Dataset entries
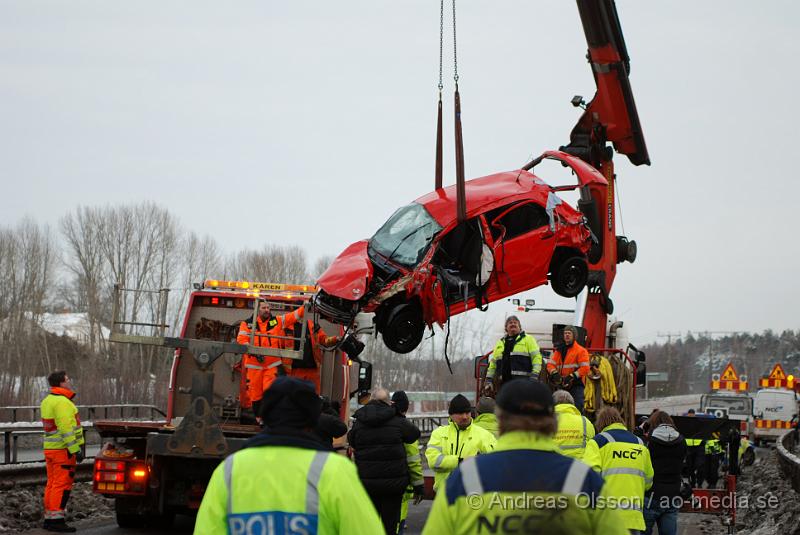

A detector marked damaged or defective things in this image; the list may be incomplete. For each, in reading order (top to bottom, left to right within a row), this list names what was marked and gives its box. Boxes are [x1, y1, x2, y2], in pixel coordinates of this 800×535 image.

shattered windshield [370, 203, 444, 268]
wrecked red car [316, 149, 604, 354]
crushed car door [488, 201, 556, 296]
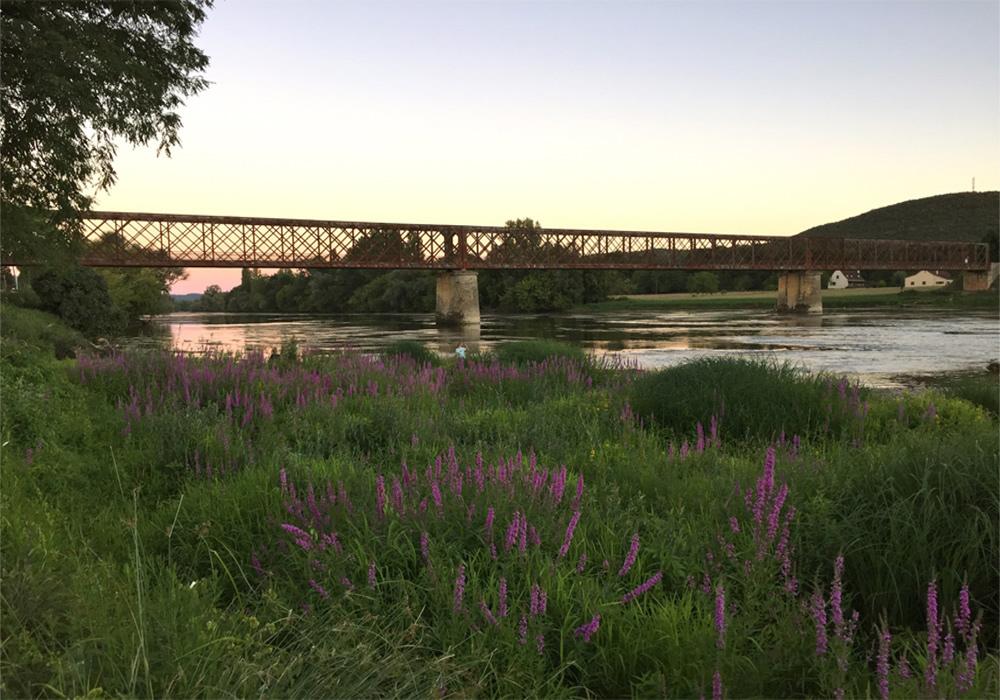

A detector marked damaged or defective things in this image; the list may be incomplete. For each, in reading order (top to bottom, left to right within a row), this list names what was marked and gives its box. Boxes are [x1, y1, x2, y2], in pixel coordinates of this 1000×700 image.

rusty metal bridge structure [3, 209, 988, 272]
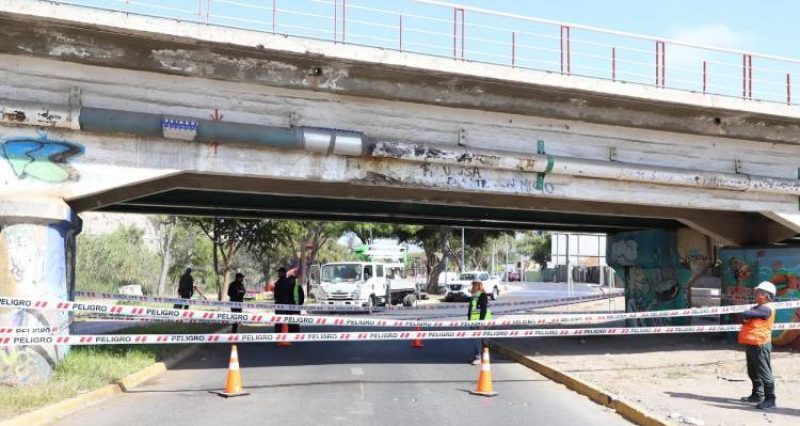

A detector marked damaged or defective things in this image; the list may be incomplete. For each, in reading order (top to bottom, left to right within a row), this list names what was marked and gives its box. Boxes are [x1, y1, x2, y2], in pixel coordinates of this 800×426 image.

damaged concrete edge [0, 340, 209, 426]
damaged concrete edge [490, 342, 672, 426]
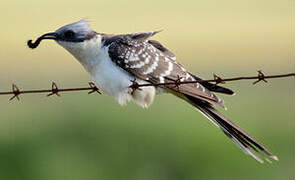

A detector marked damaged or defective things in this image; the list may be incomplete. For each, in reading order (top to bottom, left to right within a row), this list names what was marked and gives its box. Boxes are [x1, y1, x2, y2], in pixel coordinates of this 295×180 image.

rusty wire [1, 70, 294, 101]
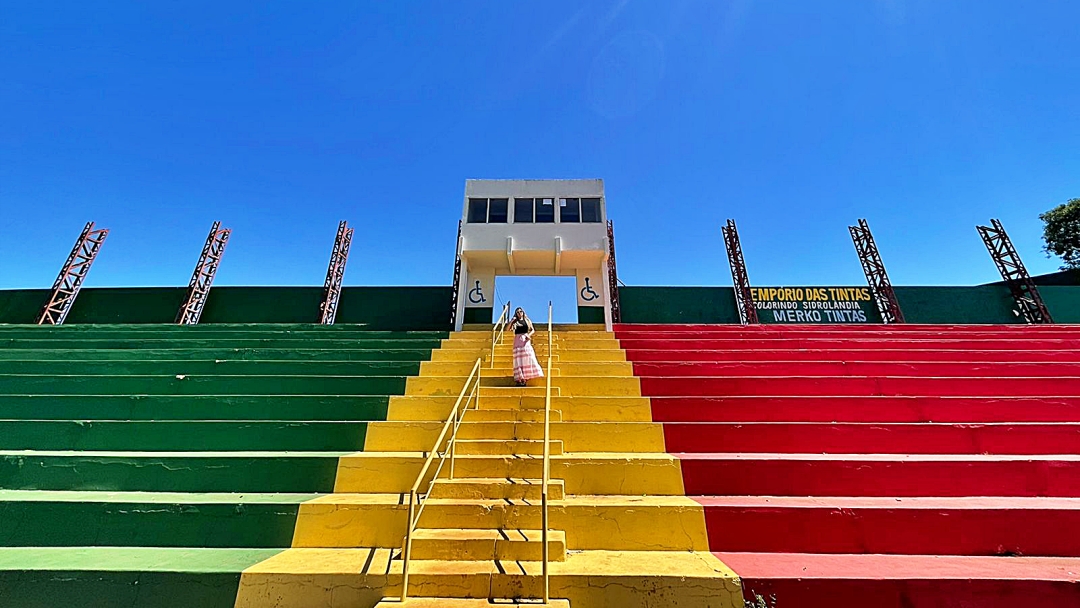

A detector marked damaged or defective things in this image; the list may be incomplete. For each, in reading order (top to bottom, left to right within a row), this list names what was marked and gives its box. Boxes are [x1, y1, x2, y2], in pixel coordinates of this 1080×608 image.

◆ Task details:
Give the preceding data back exactly, minus every picture.

◆ Result:
A detector marked damaged or defective things in this image; the list may be incomplete. For each, in reading order (top to bottom, left to right within a row), this list names what was marked and gives its box. Boxes are [x1, y1, x2, y2], in pixel coordinates of this 800×535 image.

shattered windshield [370, 203, 444, 268]
wrecked red car [316, 149, 604, 354]
crushed car door [488, 201, 556, 296]

A detector marked damaged or defective things in this image; the list may be incomplete. For each, in reading order (top to bottom, left to right within a row), this list names what was marked and gives its box. Boxes are [x1, y1, x2, y2], in pixel coordinates of this 1000×700 image.

rusty metal bridge structure [3, 209, 988, 272]

A detector marked damaged or defective things in this image; the list may be incomplete. For each, in reading order (top to bottom, left to right within a row), this list names what was marked and gives its box. Boxes are [x1, y1, x2, y2], in pixel coordinates of this 800×426 image.

damaged concrete edge [0, 340, 209, 426]
damaged concrete edge [490, 342, 672, 426]

A detector marked damaged or defective things in this image; the list may be incomplete. For each, in reading order (top to bottom, left to right within a row), this list names what was marked and gives its box. Boxes are [x1, y1, x2, y2], in pixel coordinates of this 295×180 image.

rusty wire [1, 70, 294, 101]

A detector marked damaged or defective things in this image; the list may be incomplete. For each, in reading order (top to bottom, left to right within a row), this list names what was marked and gives its box. Boxes are [x1, y1, x2, y2], in pixel coordinates of this 1080×608 image.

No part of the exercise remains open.